In my view, it is only fair that a jockey should be able to bring a horse to attention. They are pack animals and during a race they can revert to herd instincts and get distracted. Using a whip to make them concentrate is acceptable.
The new whip has been generally accepted now, especially by the National Hunt jockeys. The old one, which was a nylon rod with a leather thong on the end, could inflict unnecessary levels of pain; this one does not. But what still causes me a problem is excessive force or frequency and the rules need to be more specific and probably stricter. In jump races, I wonder if we could say you can't use the whip after the last obstacle. We'd still have a first, second and third in every race, but they would have to be ridden home with hands and heels.

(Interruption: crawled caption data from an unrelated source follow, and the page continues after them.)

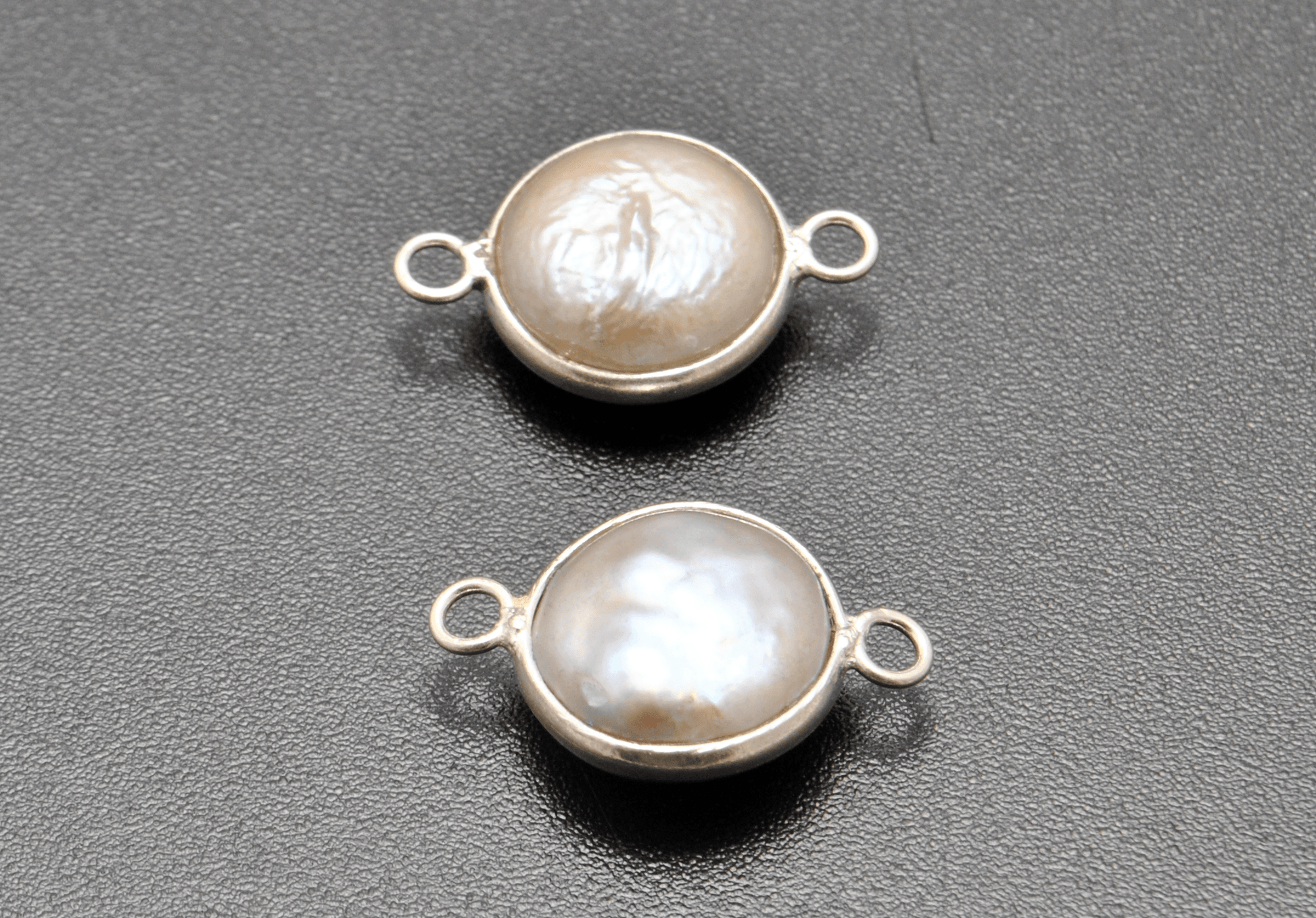 Pearl Round Double Bail Bezel Connector - Kanika Creations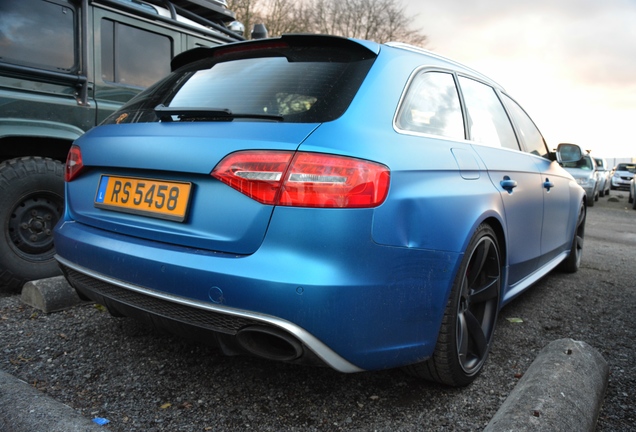 Audi RS4 Avant B8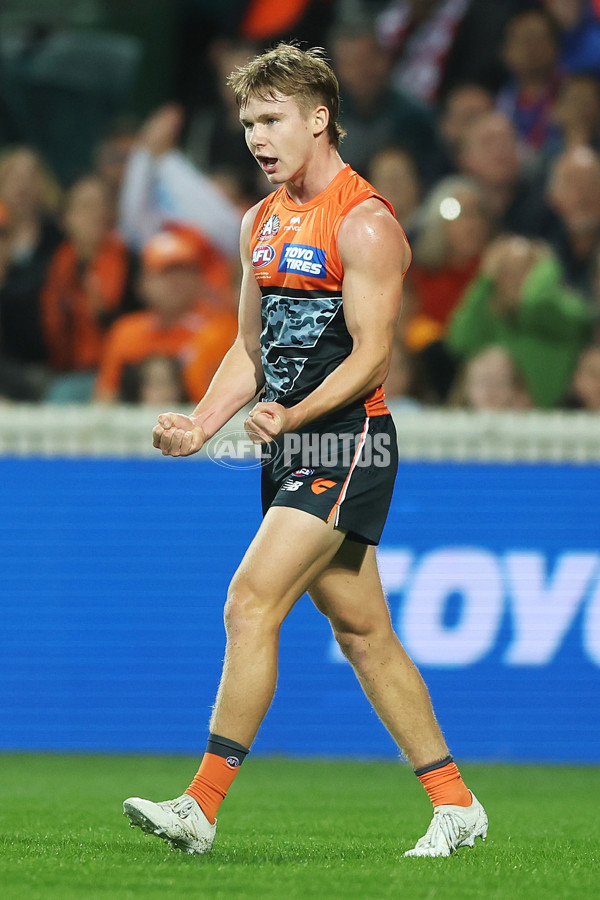 AFL 2025 Round 07 - GWS v Western Bulldogs - A-58992849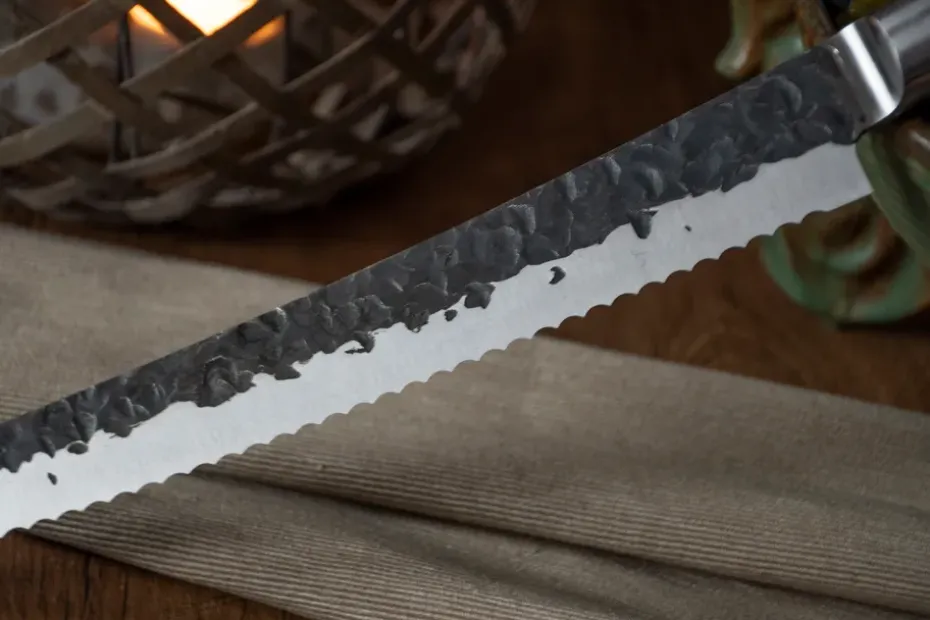 Cuchillo para el pan Satake Kuro, 25 cm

The best laws are always those that seek prevention. Wealing a horse by hitting it too hard is the biggest issue and should be punished in the same way as a jockey who loses a race by dropping his hands. As things stand, one gets 28 days and the other may get no more than four. There are occasions when horses are marked for no apparent reason - it can happen if they have recently been clipped, for instance. We don't want unfairness to any jockey, so where there is any doubt, further investigation should take place.
Aintree next week is sure to put the focus on the whip again and the jockeys must be aware that the pressure is mounting. My own body feels the need for final resolution or it might change its stance.
In all my conversations over the past ten years, this is the highest-profile issue and it's not going away. The whip puts an awful lot of people off racing and I believe there is now a general feeling that something has to be done.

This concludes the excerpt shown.